▶ **EXERCISE DETAILS**
Take the line containing "NYX Professional Makeup" through the last line of the data and retype those lines exactly. Pictures do not belong in the copy.
━━━━━━━━━━━━━━━━
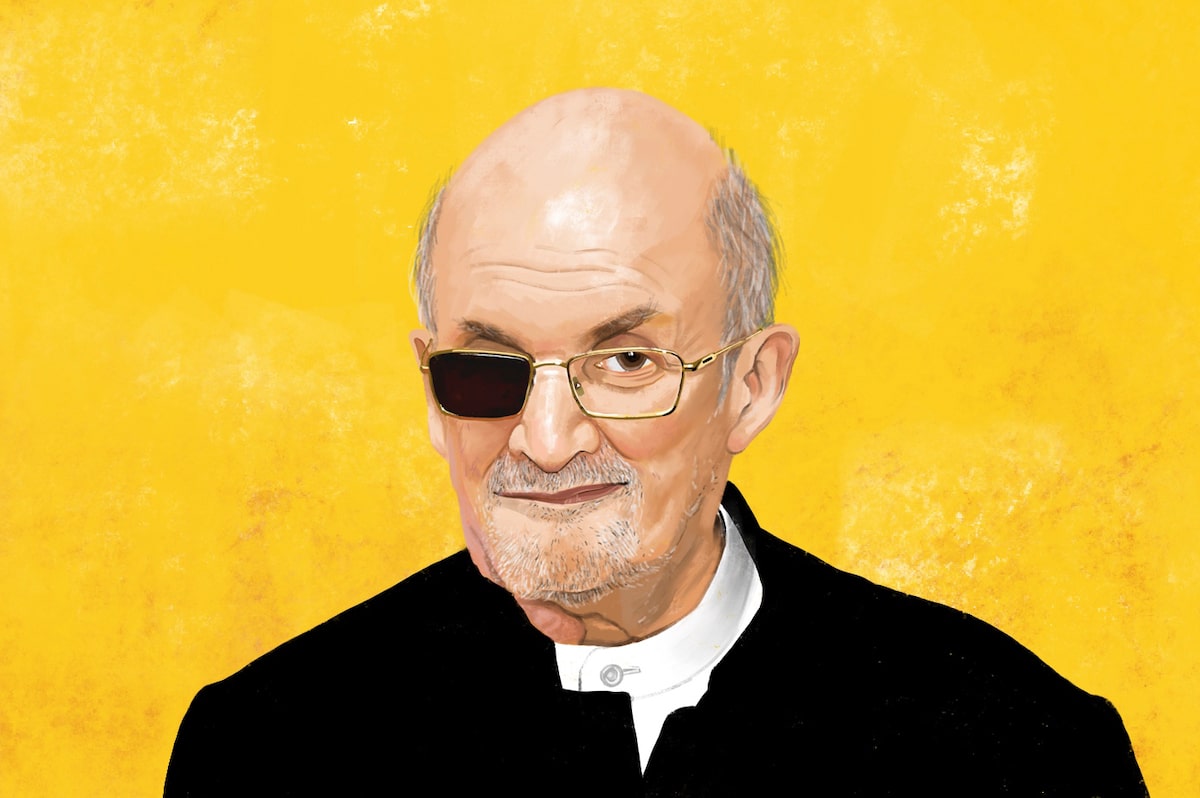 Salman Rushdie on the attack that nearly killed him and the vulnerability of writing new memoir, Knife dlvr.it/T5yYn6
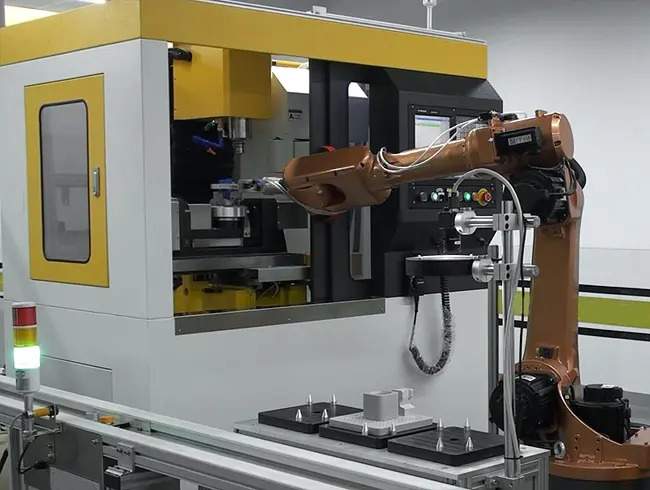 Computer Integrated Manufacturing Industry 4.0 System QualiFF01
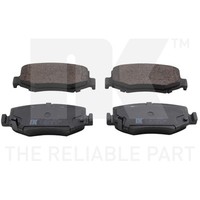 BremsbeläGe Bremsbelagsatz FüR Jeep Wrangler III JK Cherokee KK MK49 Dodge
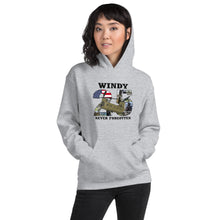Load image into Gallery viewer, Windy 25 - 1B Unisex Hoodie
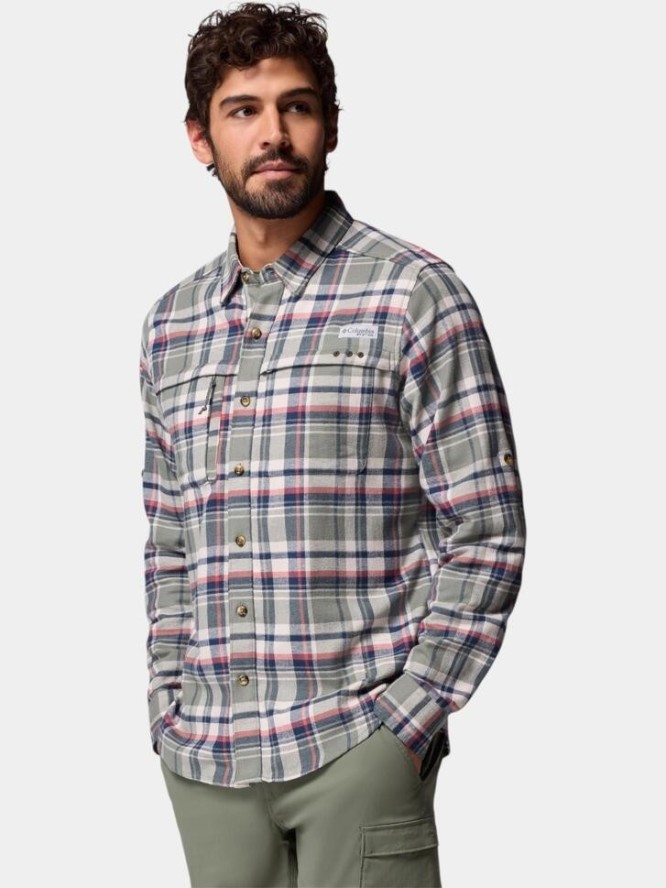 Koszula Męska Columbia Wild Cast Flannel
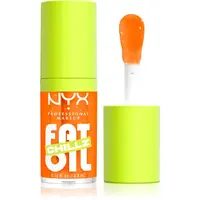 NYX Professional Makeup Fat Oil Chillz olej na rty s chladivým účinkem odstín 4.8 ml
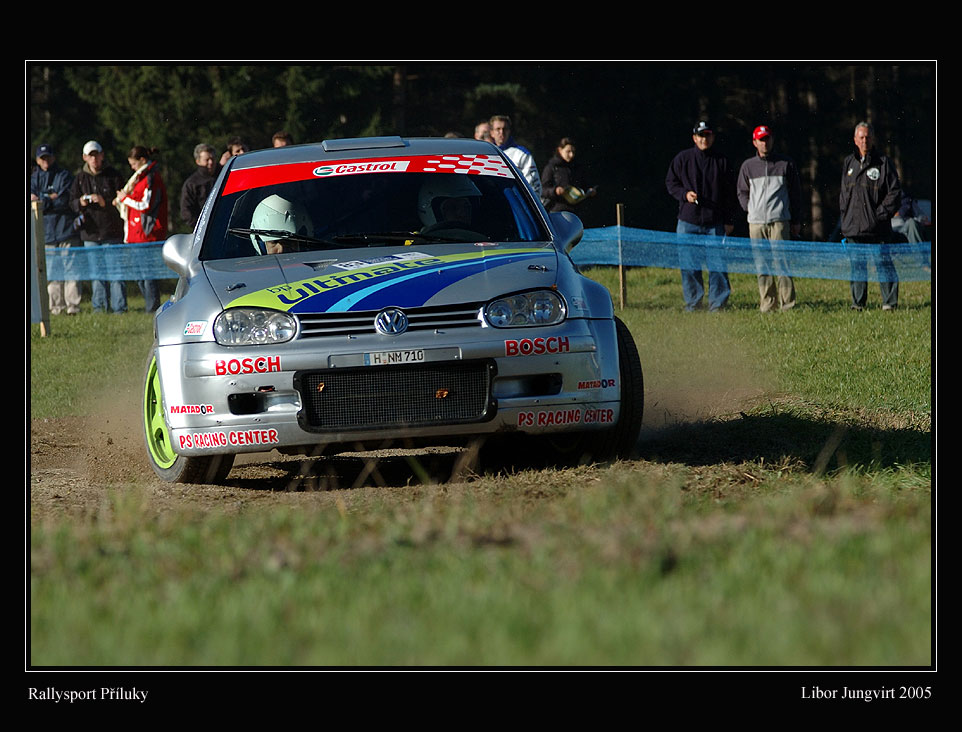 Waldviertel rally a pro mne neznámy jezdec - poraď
━━━━━━━━━━━━━━━━
▶ **TASK RESPONSE**
 NYX Professional Makeup Fat Oil Chillz olej na rty s chladivým účinkem odstín 4.8 ml
 Waldviertel rally a pro mne neznámy jezdec - poraď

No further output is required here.